When I run the code below, single input values upto 60_000_000_000_000
run with multi-threading, i.e. in parallel. When the input is 61_000_000_000_000
or greater (no matter how few CRYSTAL_WORKERS=n, n > 1, I use), it
only runs one thread (you can see using htop). There is no problem with the
code because ever other language this is done in doesn’t exhibit this behavior.

It’s seems some hardware limit (?) is hit for allowing multi-threading, then it
reverts to single-threading after inputs reach that limit. I’m just guessing here.

I confirmed this behavior with 1.3.2, 1.4.0, and 1.4.1.

CRYSTAL_WORKERS=8 ./twinprimes_ssoz 60000000000000 => uses 8 threads

CRYSTAL_WORKERS=8 ./twinprimes_ssoz 61000000000000 => uses 1 thread

Below is the code with the compiling instructions in it.

Looks like something that should be opened as an issue in the main github repo?

Let’s figure out what is happening exactly here before opening an issue.

 restwins.each_with_index do |r_hi, i|  # sieve twinpair restracks
    spawn do
      lastwins[i], cnts[i] = twins_sieve(r_hi, kmin, kmax, ks, start_num, end_num, modpg, primes, resinvrs)
      print "\r#{threadscnt.add(1)} of #{pairscnt} twinpairs done"
  end end
  pairscnt.times { done.receive }        # wait for

So here restwins fibers are created, but pairscnt times are waited for. These numbers may or may not be guaranteed to be identical (I don’t grasp the whole of your code), but at the very least it becomes easier to see that it does the right thing when the same variables are used.

Here pairscnt is the number of elements in restwins, so this is just ensuring to wait until all the data is processed. This should have nothing to do with operation of the threads.

Again, this is not a coding issue. I have personally implemented this program in 5 other languages (D, Go, C++, Nim, Rust) and none have this problem for any valid inputs.
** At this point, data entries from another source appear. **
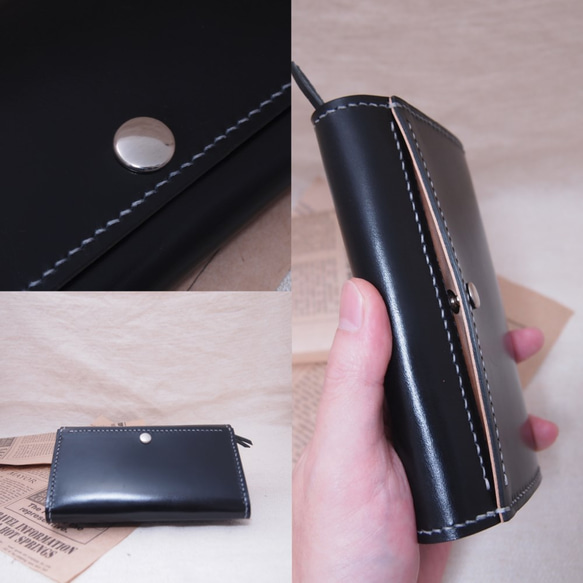 【送料無料】【ミドルでも小銭入れが使いやすい】ミドルギャルソンウォレット  ルガトー(黒)　 5枚目の画像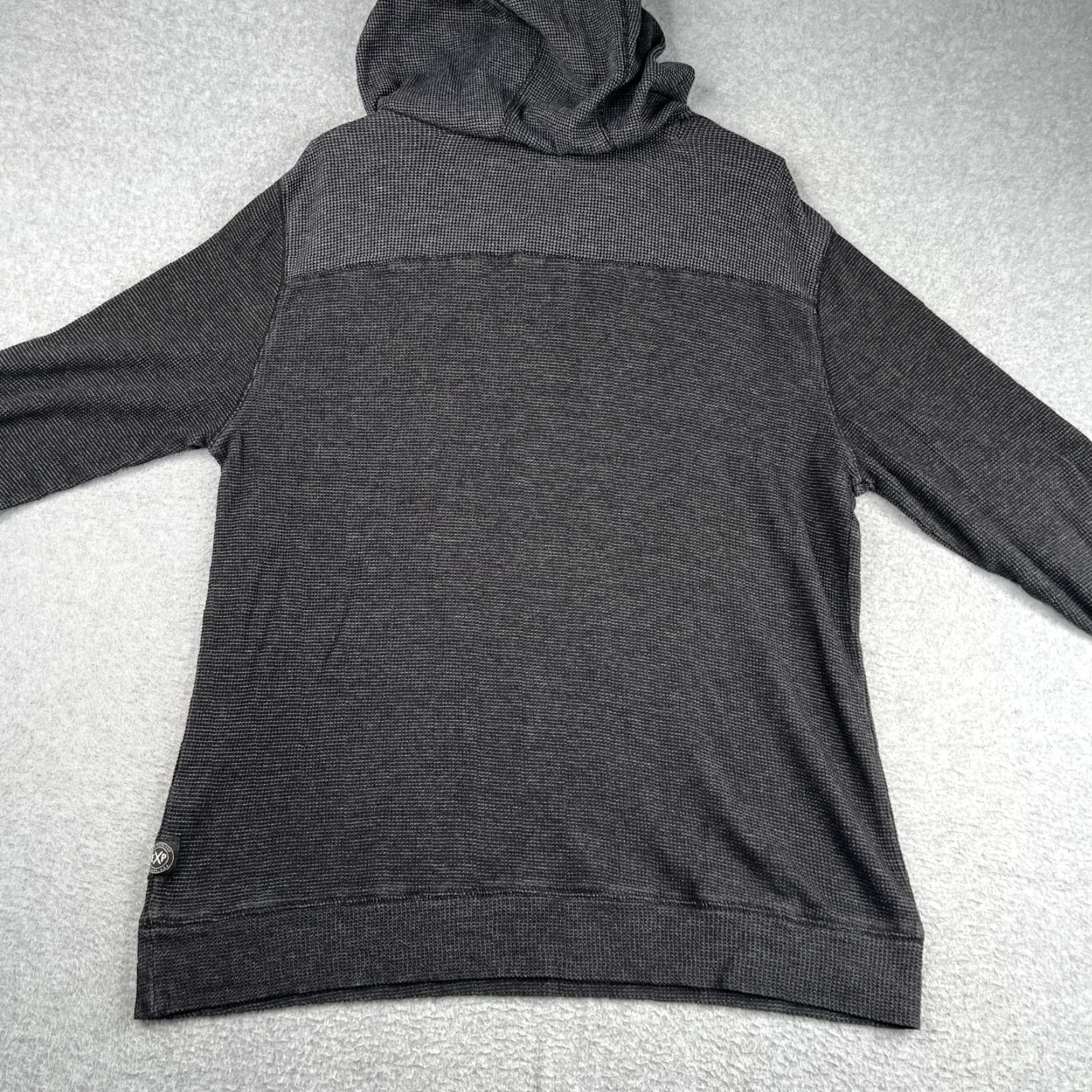 Express Express Long Sleeve Waffle Knit Henley Hoodie Shirt Large Gray Mens Size US L / EU 52-54 / 3 - 6 Thumbnail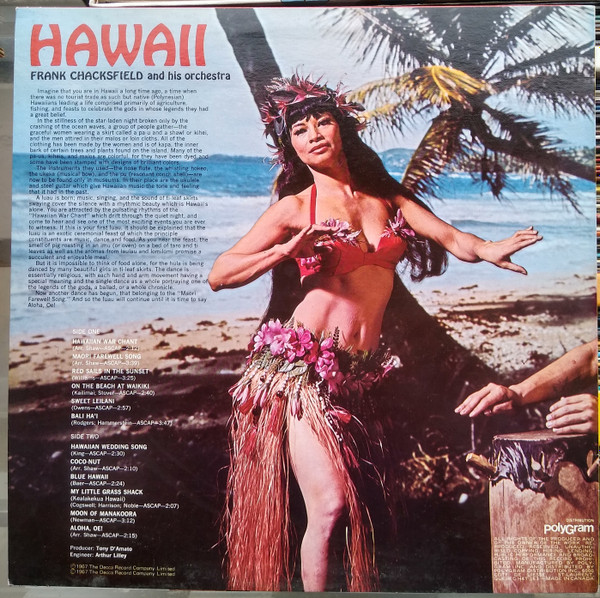 Frank Chacksfield & His Orchestra - Hawaii (LP, Album, RE) (Mint (M)) - Image 2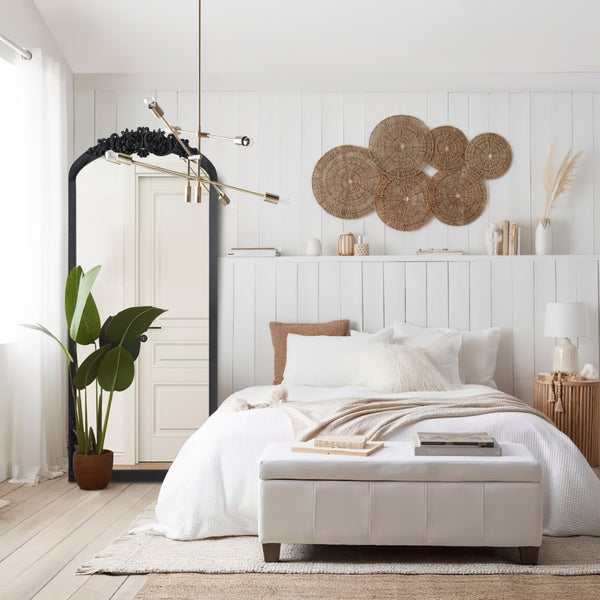 HomeRoots White Wood Arch Freestanding Accent Mirror - Ornate Design for Elegant Home Décor & Bright Spaces 708708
I understand Crystal’s concurrency/multi-threading model/implementation is young so its good this is caught now. On my older i7 6700HQ laptop (circa 2016) I never tried to use inputs this large with Crystal because it took so much longer than most of the other languages did with 8 threads. However with the AMD 5900HX, it has 16 threads at upto ~4.2+ GHz per thread in turbo mode, and so I was checking the Crystal version for these larger values, which now take much less time.

So it’s not the program. Once you hit that observed input threshold, the program continues to run correctly, but only with a single thread. Something in the threading model/implementation is causing the problem. It shouldn’t be data dependent.

Using htop to show the process tree, I can run your code with values all the way up to 18446744073709551615 (UInt64::Max) and still get 8 threads. However, the 7 child processes are barely doing anything.

EDIT: This is wrong. I managed to forget the multithreading flag when compiling. However, in the process of investigating this I modified the code in a way that actually does run truly multithreaded without the weird behavior. I’m currently trying to minimize the changes to your code so I can understand what’s happening.

Does this work for you?

I’m still trying to understand what happens with your code, but I think this should work. I’m currently working on a version that uses dedicated worker fibers taking inputs from a channel because I’m running into scheduling issues. As far as I can tell, having 20,000 fibers makes it very unlikely that the status fiber will run; helpfully, the Fiber.yield works well enough, but it’s not a guarantee. It would be very nice if there was a way to prioritize a particular fiber or manage what fibers are running on what threads, but I don’t see a way to do that right now.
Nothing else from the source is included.